*** Block opens ***

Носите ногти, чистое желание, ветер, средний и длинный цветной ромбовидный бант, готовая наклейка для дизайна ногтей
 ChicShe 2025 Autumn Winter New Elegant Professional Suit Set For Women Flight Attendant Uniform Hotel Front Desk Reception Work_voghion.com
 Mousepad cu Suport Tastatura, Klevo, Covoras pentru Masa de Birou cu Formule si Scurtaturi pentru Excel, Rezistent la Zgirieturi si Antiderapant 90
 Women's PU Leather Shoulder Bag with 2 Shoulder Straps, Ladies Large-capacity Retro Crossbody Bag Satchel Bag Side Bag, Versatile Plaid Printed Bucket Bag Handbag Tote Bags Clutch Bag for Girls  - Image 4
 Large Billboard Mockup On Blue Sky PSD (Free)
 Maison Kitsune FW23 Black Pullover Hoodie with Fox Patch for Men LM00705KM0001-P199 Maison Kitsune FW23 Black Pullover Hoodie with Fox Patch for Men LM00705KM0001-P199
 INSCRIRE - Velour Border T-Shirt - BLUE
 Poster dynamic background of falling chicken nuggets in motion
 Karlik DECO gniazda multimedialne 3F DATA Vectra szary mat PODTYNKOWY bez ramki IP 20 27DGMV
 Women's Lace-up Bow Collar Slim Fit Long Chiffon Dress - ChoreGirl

*** Block closes ***

▶ **Exercise aim**:
From the material above, please return each line containing "with".

▶ **Task solution**:
 Women's PU Leather Shoulder Bag with 2 Shoulder Straps, Ladies Large-capacity Retro Crossbody Bag Satchel Bag Side Bag, Versatile Plaid Printed Bucket Bag Handbag Tote Bags Clutch Bag for Girls  - Image 4
 Maison Kitsune FW23 Black Pullover Hoodie with Fox Patch for Men LM00705KM0001-P199 Maison Kitsune FW23 Black Pullover Hoodie with Fox Patch for Men LM00705KM0001-P199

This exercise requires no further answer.